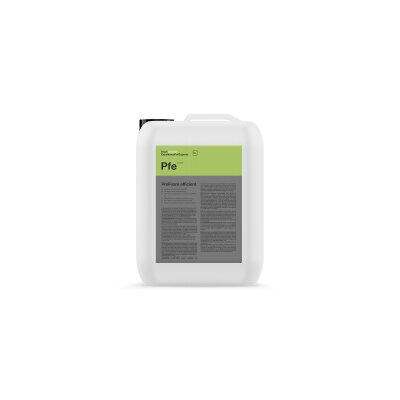 Koch Chemie PreFoam efficient Pfe 5l | Vorreiniger & Insektenlöser schäumend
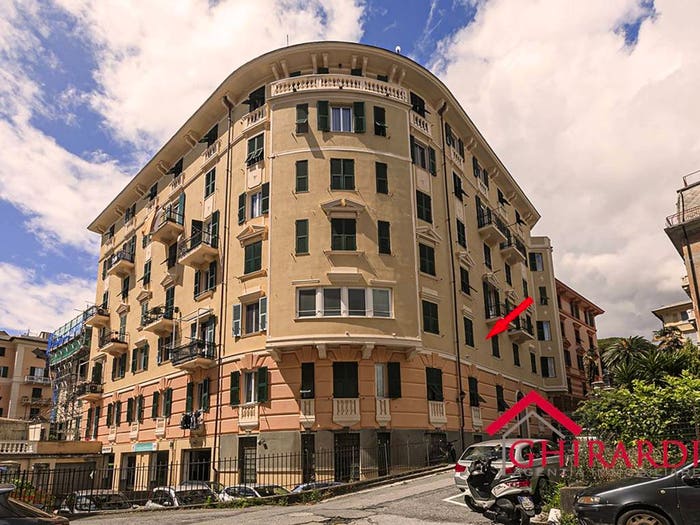 Appartamento con 6 locali in vendita in Via Sabotino, Pegli, Genova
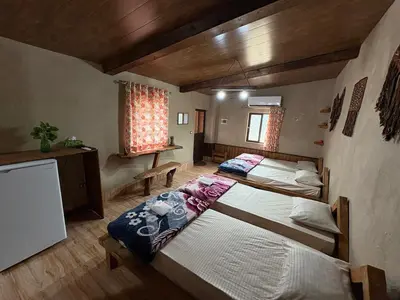 بومگردی تی تی تگن - واحد وَلیک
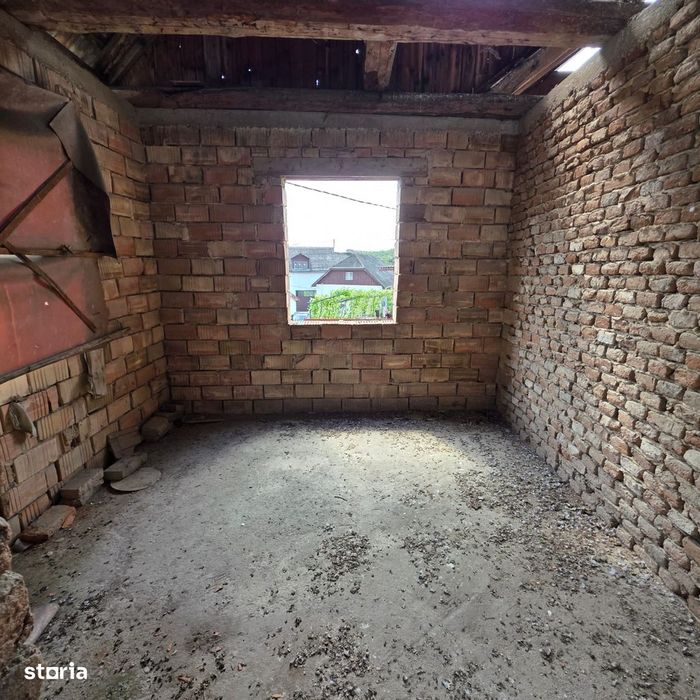 Casa individuala, 3 camere, zona Turda Noua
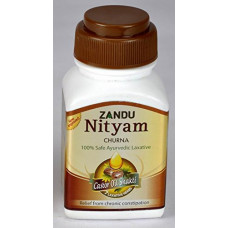 Zandu Nityam Churna - 100 gm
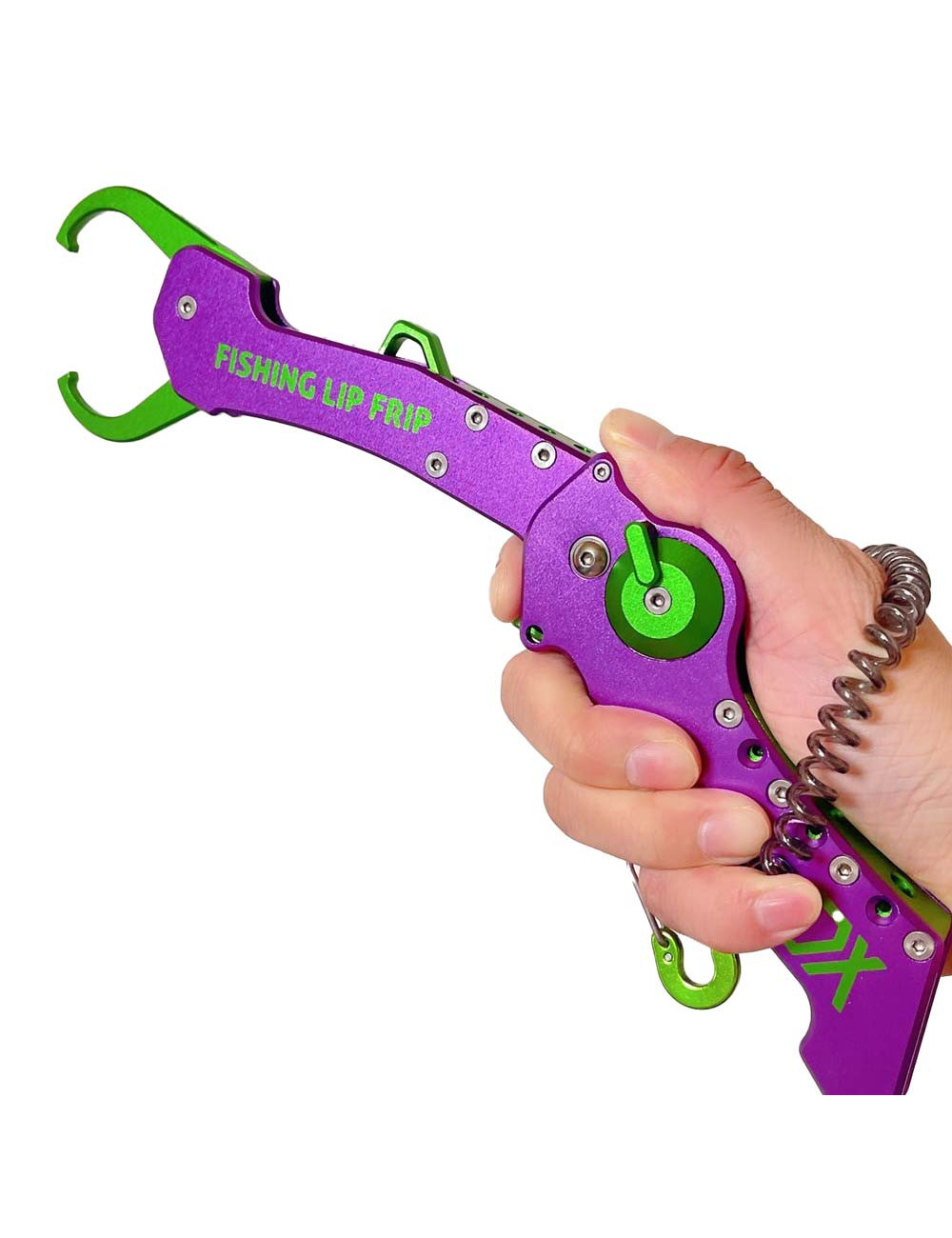BL-015 ALIMINIUM FISHING LIP GRIP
-*-*-
Could you retype each line of the material above exactly, skipping the pictures?

 Koch Chemie PreFoam efficient Pfe 5l | Vorreiniger & Insektenlöser schäumend
 Appartamento con 6 locali in vendita in Via Sabotino, Pegli, Genova
 بومگردی تی تی تگن - واحد وَلیک
 Casa individuala, 3 camere, zona Turda Noua
 Zandu Nityam Churna - 100 gm
BL-015 ALIMINIUM FISHING LIP GRIP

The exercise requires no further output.